Everything is Balanced

I got a compliment about my hair last night. I was told it’s the best haircut I’ve had in 20 years (literally). So while that makes me happy about my current haircut, I can’t help but think I looked crappy for 20 years. And just because it’s the best haircut I’ve had in 20 years, does that make it a good haircut? Or is it all relative and I still look shitty just ateenybitless shitty?

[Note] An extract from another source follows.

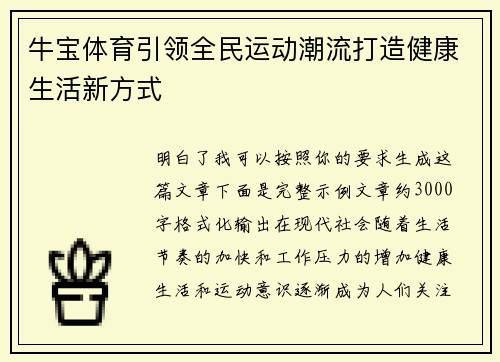 牛宝体育引领全民运动潮流打造健康生活新方式 牛宝体育引领全民运动潮流打造健康生活新方式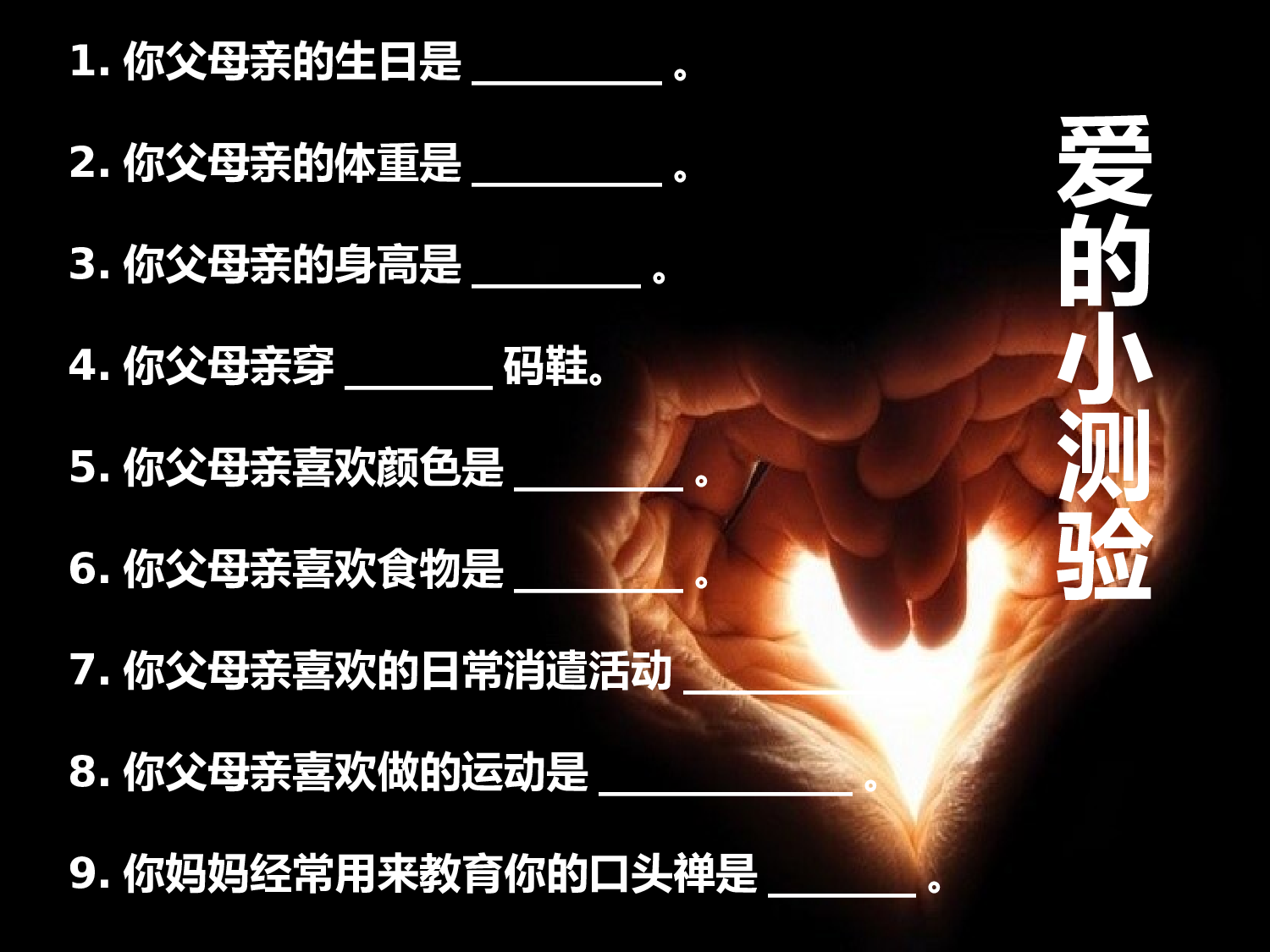 拥有一颗感恩的心主题班会-bfdf8b5c19a9.ppt 第6页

So while I’m busy feeling good about my hair, some guy in the cafeteria very pointedly checks out my feet. There is no doubt in my mind it was a purposeful look. He wanted to see what my piggy toes were all about, and I could not have felt more self conscious. Even if he did it because he’s into feet [strong possibility] what if he’s a foot modeling agent trying to find the next big thing in the foot modeling world? My feet aren’t great. My shoes, wedges, are built more for comfort than beauty [they are Clarks, by way of explanation.]  So now I have to be upset that my feet weren’t attractive enough for the guy who has a foot thing to look back up at my face with a smile? I get to be two different levels of creeped out.

Luckily, I don’t know who he is; nor where he works or if he’s a very important person or one of “the rest of us”. That’s probably a good thing

Thank God nobody knows my underwear is about 5 years old.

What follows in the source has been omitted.